Fix LTX2 sharding: NNXSimpleFeedForward kernel axes and LTX2Attention bias axes

Perseus14 · Perseus14 · commit 5f32283afdaf · 2026-04-11T18:07:53.000+05:30
1. NNXSimpleFeedForward (used by LTX2 transformer blocks):
   - net_0 (up-projection): kernel sharding fixed from ('embed', None) to
     ('embed', 'mlp'). The output dim should be sharded across tensor axis
     to parallelize the computation. Previous sharding left the output
     fully replicated, causing unnecessary all-gathers.
   - net_2 (down-projection): kernel sharding fixed from ('embed', 'mlp')
     to ('mlp', 'embed'). Input dim must match net_0's output sharding,
     and output dim should use embed sharding. Previous sharding had the
     axes reversed, creating resharding overhead.
   - Bias axes updated to match their respective output dimensions.

2. LTX2Attention:
   - QKV bias: fixed from ('embed',) to ('heads',) to match the QKV
     kernel output dimension sharding.
   - Output projection bias: fixed from ('heads',) to ('embed',) to match
     the output kernel output dimension sharding.
diff --git a/src/maxdiffusion/models/attention_flax.py b/src/maxdiffusion/models/attention_flax.py
@@ -717,8 +717,8 @@ def __init__(
         dtype=dtype,
         param_dtype=weights_dtype,
         precision=precision,
-        kernel_init=nnx.with_partitioning(nnx.initializers.lecun_normal(), ("embed", None)),
-        bias_init=nnx.with_partitioning(nnx.initializers.zeros, (None,)),
+        kernel_init=nnx.with_partitioning(nnx.initializers.lecun_normal(), ("embed", "mlp")),
+        bias_init=nnx.with_partitioning(nnx.initializers.zeros, ("mlp",)),
     )
     self.act = get_activation(activation_fn)

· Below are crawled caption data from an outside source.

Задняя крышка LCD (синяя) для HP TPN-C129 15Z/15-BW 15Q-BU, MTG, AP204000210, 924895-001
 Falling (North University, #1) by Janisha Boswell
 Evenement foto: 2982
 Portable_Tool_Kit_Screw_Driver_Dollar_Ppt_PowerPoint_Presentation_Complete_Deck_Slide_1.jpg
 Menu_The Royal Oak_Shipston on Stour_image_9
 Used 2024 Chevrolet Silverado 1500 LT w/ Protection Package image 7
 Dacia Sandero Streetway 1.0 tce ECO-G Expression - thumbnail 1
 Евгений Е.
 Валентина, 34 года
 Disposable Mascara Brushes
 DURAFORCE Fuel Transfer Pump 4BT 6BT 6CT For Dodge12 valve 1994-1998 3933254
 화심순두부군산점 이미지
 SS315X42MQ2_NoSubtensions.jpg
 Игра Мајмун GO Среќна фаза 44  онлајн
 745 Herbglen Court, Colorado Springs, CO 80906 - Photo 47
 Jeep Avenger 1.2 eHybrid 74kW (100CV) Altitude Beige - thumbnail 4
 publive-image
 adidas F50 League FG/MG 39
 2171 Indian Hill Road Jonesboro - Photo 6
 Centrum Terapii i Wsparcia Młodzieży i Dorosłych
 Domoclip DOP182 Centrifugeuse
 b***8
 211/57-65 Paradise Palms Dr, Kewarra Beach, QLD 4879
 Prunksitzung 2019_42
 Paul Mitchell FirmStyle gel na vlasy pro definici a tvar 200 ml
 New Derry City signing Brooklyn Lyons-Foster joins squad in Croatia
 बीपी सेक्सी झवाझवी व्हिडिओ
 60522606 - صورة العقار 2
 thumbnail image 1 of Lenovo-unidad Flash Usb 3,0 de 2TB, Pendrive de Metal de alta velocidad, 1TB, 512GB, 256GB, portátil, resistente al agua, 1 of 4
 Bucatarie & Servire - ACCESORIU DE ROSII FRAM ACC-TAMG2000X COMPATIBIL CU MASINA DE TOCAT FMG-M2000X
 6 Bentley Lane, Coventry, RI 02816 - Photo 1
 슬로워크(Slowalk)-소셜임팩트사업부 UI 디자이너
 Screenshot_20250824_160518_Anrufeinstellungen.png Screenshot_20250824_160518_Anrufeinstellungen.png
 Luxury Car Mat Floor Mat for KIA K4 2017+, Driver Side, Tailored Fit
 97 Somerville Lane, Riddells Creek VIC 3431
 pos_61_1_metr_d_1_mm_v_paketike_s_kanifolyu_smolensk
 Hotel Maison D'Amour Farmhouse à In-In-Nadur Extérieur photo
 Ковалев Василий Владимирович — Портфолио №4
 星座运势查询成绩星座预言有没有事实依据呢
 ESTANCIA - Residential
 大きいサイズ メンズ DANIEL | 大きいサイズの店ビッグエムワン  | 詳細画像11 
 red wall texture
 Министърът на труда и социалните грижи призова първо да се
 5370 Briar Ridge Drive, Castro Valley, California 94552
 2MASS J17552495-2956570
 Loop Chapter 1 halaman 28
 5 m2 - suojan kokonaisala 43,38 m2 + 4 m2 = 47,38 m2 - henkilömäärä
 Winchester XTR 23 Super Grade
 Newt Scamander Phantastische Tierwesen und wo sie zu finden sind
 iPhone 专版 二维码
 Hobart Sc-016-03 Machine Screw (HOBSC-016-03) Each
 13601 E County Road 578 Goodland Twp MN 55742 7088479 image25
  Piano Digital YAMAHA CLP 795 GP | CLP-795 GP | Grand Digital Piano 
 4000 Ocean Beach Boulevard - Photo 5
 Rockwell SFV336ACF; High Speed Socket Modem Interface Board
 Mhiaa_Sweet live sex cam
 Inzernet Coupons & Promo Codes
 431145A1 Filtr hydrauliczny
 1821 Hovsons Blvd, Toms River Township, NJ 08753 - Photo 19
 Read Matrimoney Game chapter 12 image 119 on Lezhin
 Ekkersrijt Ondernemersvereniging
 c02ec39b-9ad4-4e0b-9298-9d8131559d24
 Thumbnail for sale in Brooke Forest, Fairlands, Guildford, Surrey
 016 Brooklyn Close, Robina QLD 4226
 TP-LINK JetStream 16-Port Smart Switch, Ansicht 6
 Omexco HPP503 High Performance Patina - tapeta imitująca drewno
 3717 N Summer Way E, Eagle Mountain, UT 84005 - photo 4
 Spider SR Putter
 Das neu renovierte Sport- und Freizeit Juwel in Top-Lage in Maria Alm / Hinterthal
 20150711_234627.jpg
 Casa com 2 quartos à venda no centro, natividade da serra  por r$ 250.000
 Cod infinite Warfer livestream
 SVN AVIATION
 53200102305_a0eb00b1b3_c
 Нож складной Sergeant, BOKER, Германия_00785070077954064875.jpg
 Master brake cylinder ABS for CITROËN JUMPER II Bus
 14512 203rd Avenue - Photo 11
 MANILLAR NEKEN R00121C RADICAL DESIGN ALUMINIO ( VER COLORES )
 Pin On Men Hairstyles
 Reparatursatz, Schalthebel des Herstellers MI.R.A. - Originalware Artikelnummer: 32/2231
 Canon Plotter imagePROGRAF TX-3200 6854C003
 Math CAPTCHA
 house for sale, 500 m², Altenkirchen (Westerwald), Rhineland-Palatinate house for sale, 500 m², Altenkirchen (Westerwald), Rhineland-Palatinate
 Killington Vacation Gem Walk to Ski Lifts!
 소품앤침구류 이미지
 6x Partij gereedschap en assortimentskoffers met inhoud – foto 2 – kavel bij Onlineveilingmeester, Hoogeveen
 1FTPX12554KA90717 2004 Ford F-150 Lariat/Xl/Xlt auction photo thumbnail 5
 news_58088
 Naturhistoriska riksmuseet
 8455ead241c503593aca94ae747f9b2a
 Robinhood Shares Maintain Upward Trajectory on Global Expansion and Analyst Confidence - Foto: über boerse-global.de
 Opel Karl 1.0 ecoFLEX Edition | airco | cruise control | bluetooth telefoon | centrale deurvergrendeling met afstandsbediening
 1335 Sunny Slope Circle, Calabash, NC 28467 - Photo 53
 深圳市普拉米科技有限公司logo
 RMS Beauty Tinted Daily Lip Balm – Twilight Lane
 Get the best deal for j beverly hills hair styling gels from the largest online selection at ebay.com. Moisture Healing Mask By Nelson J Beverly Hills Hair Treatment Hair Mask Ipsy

     self.net_2 = nnx.Linear(
@@ -729,8 +729,8 @@ def __init__(
         dtype=dtype,
         param_dtype=weights_dtype,
         precision=precision,
-        kernel_init=nnx.with_partitioning(nnx.initializers.lecun_normal(), ("embed", "mlp")),
-        bias_init=nnx.with_partitioning(nnx.initializers.zeros, ("mlp",)),
+        kernel_init=nnx.with_partitioning(nnx.initializers.lecun_normal(), ("mlp", "embed")),
+        bias_init=nnx.with_partitioning(nnx.initializers.zeros, ("embed",)),
     )
 
   def __call__(self, hidden_states: Array) -> Array:
diff --git a/src/maxdiffusion/models/ltx2/attention_ltx2.py b/src/maxdiffusion/models/ltx2/attention_ltx2.py
@@ -359,13 +359,13 @@ def __init__(
     # 1. Define Partitioned Initializers (Logical Axes)
     # Q, K, V kernels: [in_features (embed), out_features (heads)]
     qkv_kernel_init = nnx.with_partitioning(nnx.initializers.lecun_normal(), ("embed", "heads"))
-    # Q, K, V biases: [out_features (embed)]
-    qkv_bias_init = nnx.with_partitioning(nnx.initializers.zeros_init(), ("embed",))
+    # Q, K, V biases: [out_features (heads)]
+    qkv_bias_init = nnx.with_partitioning(nnx.initializers.zeros_init(), ("heads",))
 
     # Out kernel: [in_features (heads), out_features (embed)]
     out_kernel_init = nnx.with_partitioning(nnx.initializers.lecun_normal(), ("heads", "embed"))
-    # Out bias: [out_features (heads)]
-    out_bias_init = nnx.with_partitioning(nnx.initializers.zeros_init(), ("heads",))
+    # Out bias: [out_features (embed)]
+    out_bias_init = nnx.with_partitioning(nnx.initializers.zeros_init(), ("embed",))
 
     # Norm scales
     norm_scale_init = nnx.with_partitioning(nnx.initializers.ones_init(), ("norm",))